====== Entries provided

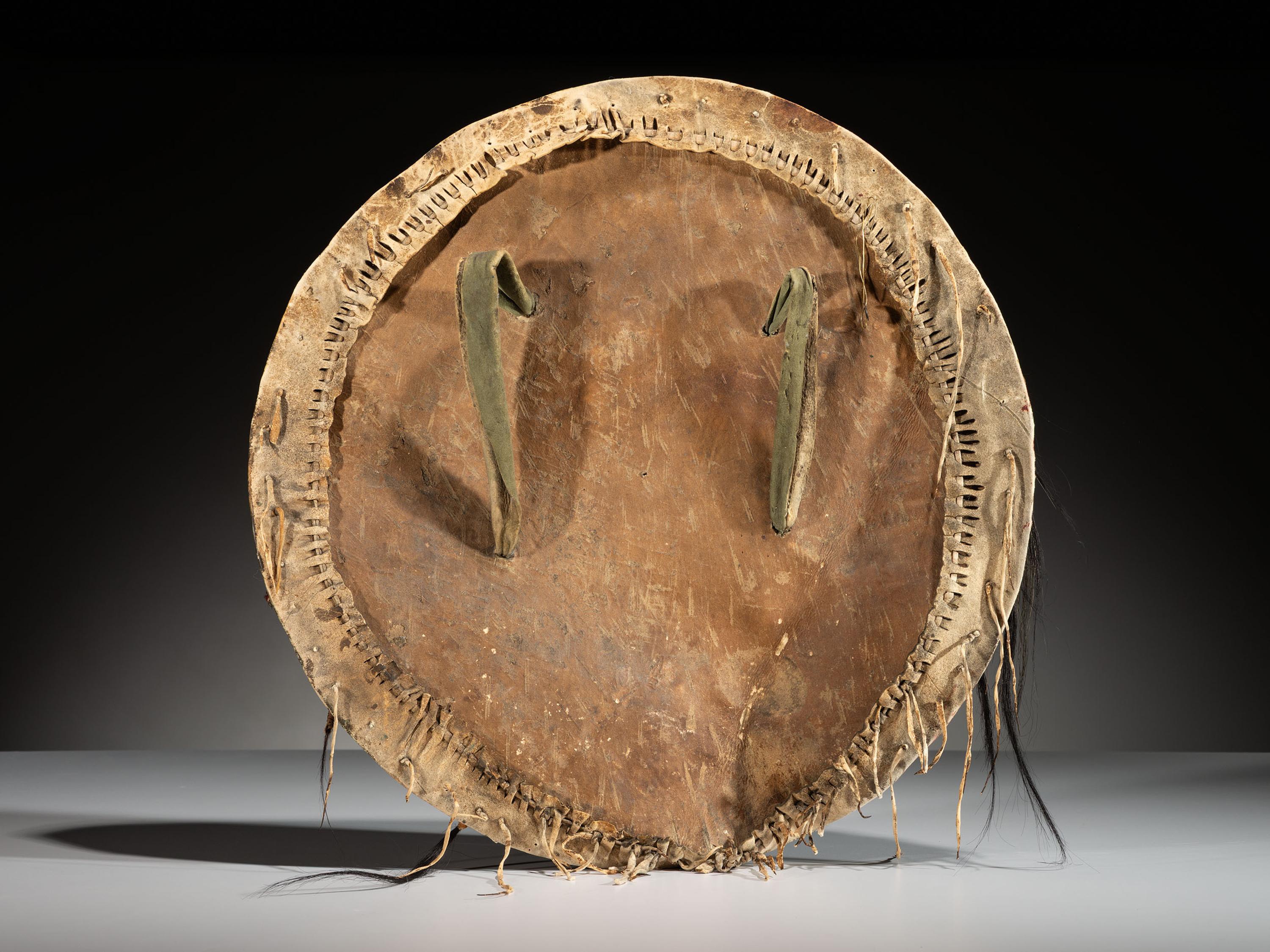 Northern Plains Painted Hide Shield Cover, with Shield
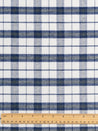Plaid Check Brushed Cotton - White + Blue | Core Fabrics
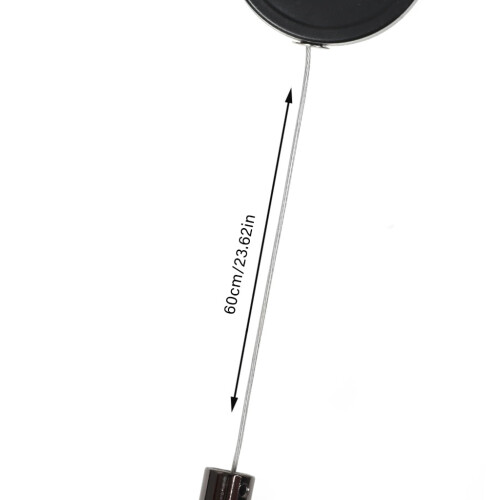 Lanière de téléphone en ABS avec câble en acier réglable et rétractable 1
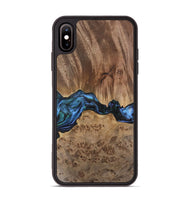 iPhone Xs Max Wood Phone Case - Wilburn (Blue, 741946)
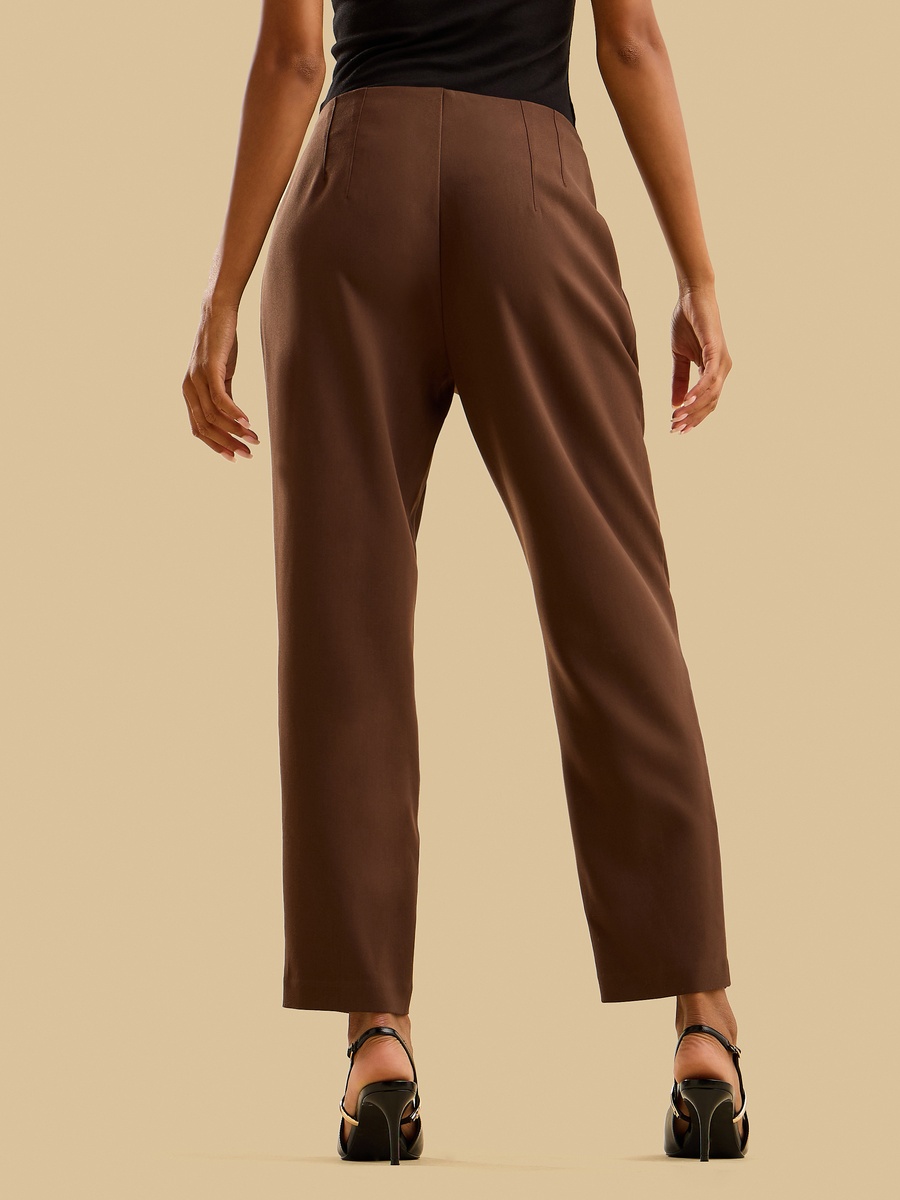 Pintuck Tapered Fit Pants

============

Taking each record in turn, retype it exactly and drop any picture.

 Northern Plains Painted Hide Shield Cover, with Shield
Plaid Check Brushed Cotton - White + Blue | Core Fabrics
 Lanière de téléphone en ABS avec câble en acier réglable et rétractable 1
 iPhone Xs Max Wood Phone Case - Wilburn (Blue, 741946)
 Pintuck Tapered Fit Pants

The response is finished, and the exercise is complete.